(Exercise):
Repeat exactly the lines below from the line that contains "Shine Down Yacht" to the last line, inclusive, without the pictures.

(The input):
※

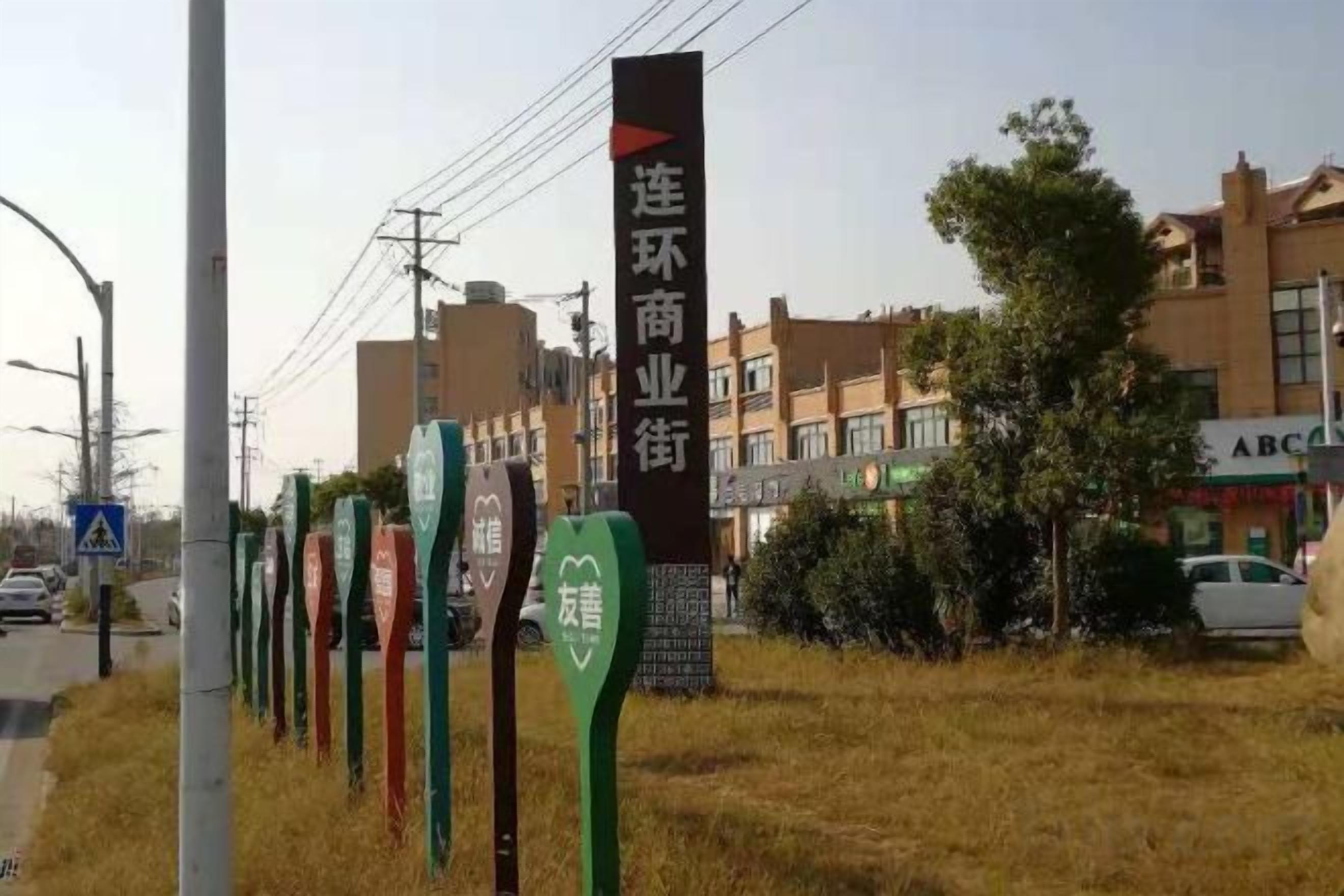 Eine Reihe von Hinweisschildern mit chinesischen Schriftzeichen, ein Gebäude mit einer Schautafel sowie eine Straße mit Gebäuden im Hintergrund.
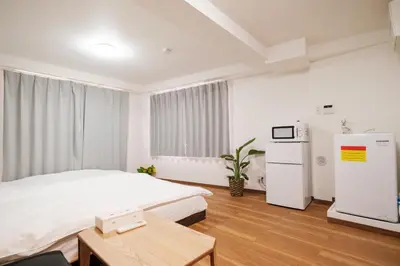 a bedroom with a bed and a refrigerator and a table at Hearty Stay Ikebukuro in Tokyo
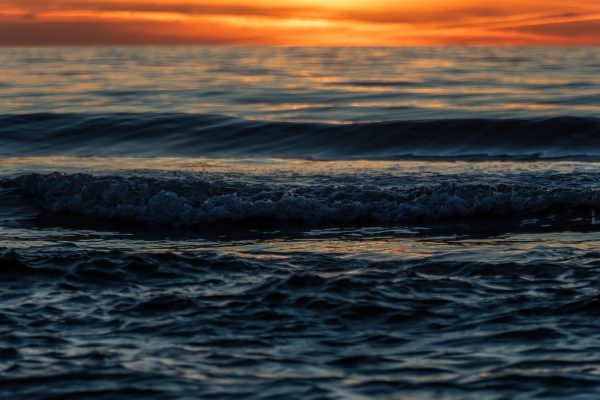 Gentle ocean waves at sunset with orange and blue reflections on the water.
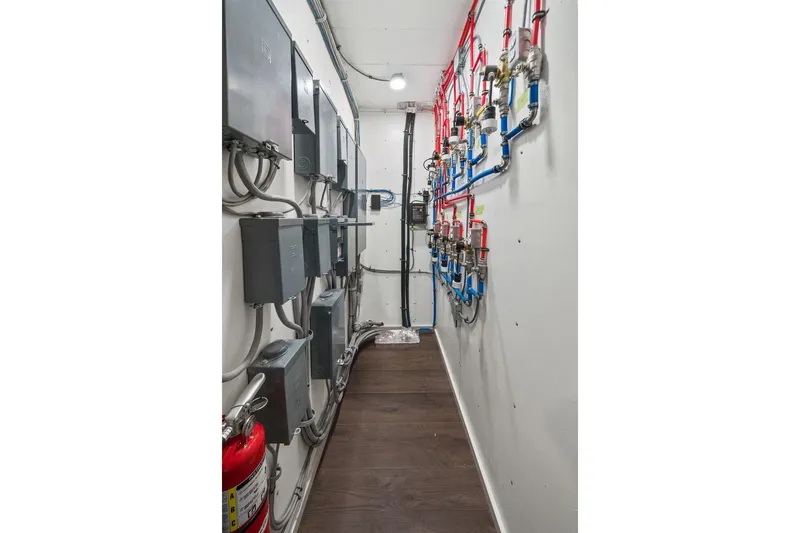 Shine Down Yacht Photos Pics Narrow utility room with electrical panels and colorful piping, Breaux Brothers 120 GLV, 2025 model.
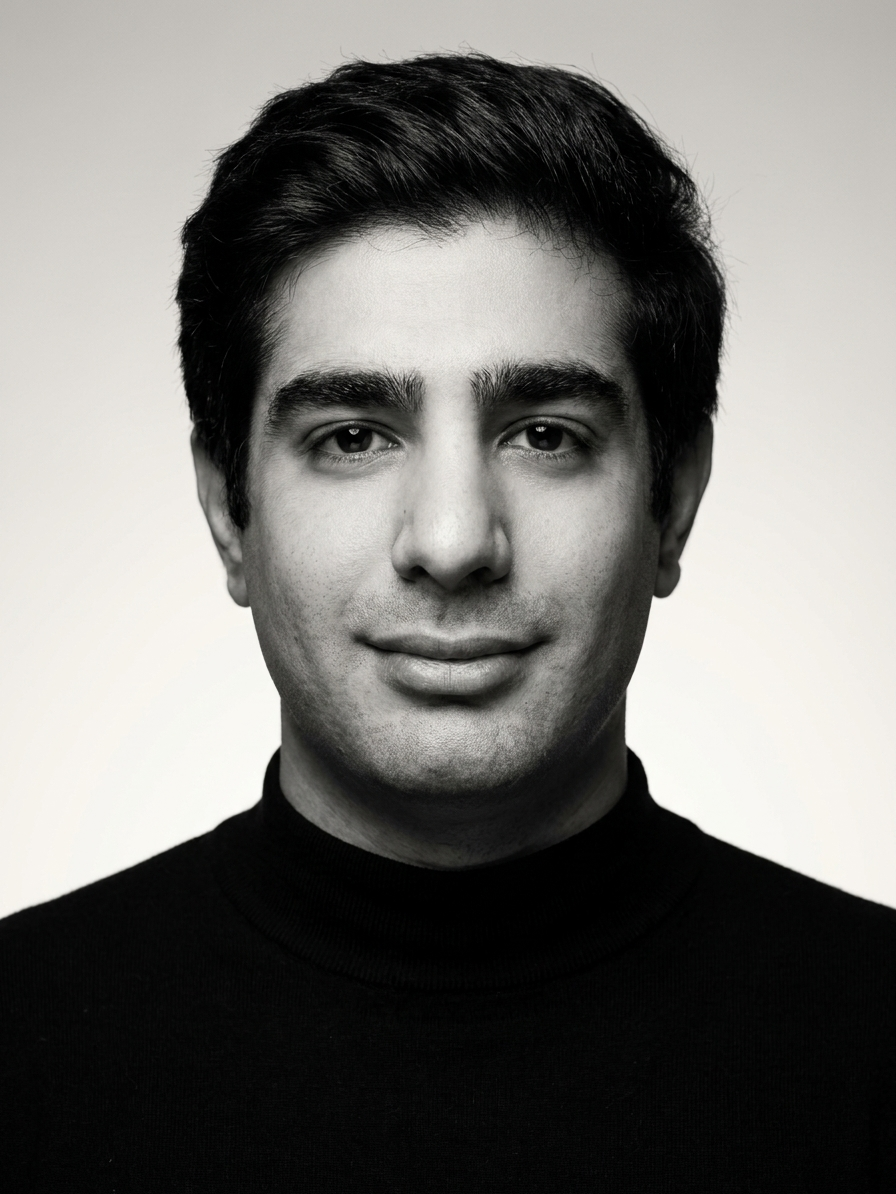 Black-and-white portrait of Amir Hossein Khatami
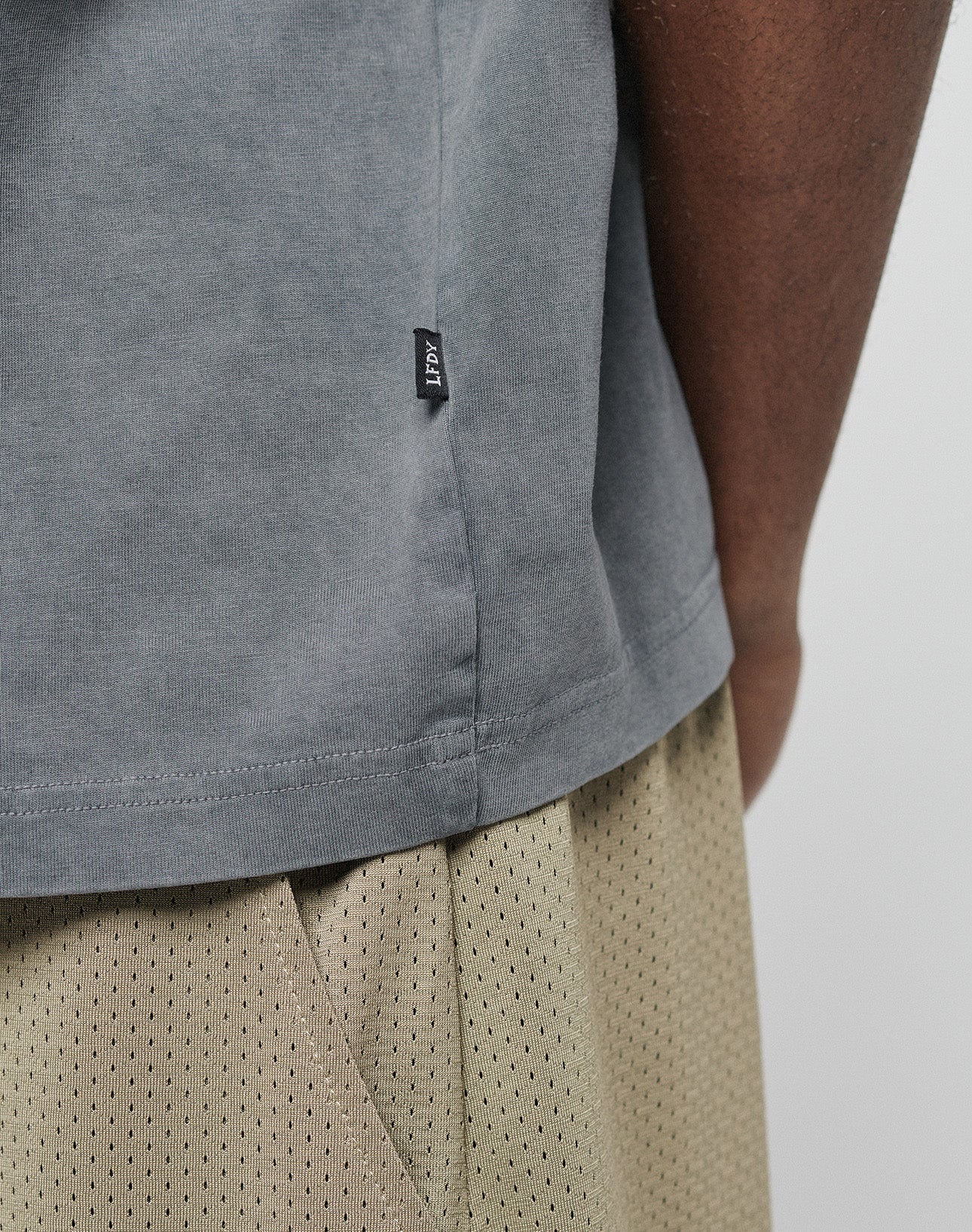 Close-up of a person in the LIVE FAST DIE YOUNG Basic +49 Chest Tee in grey (100% Baumwolle) with a small black seam tag, subtle logo print, and beige mesh shorts. The oversize fit tee is shown against a plain background.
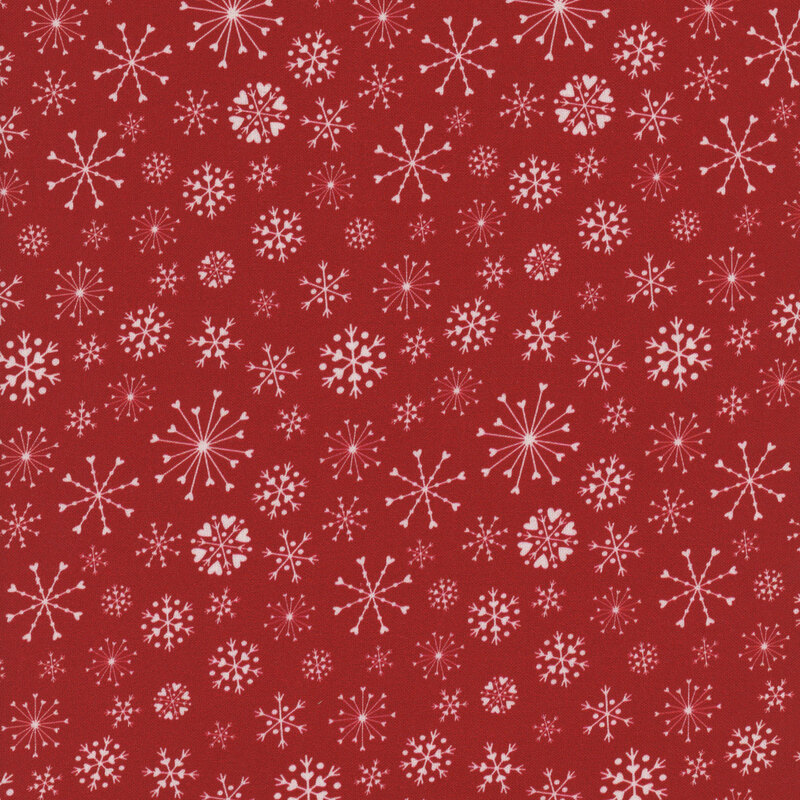 Red fabric with various white snowflake designs.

※

(Response area):
 Shine Down Yacht Photos Pics Narrow utility room with electrical panels and colorful piping, Breaux Brothers 120 GLV, 2025 model.
 Black-and-white portrait of Amir Hossein Khatami
 Close-up of a person in the LIVE FAST DIE YOUNG Basic +49 Chest Tee in grey (100% Baumwolle) with a small black seam tag, subtle logo print, and beige mesh shorts. The oversize fit tee is shown against a plain background.
 Red fabric with various white snowflake designs.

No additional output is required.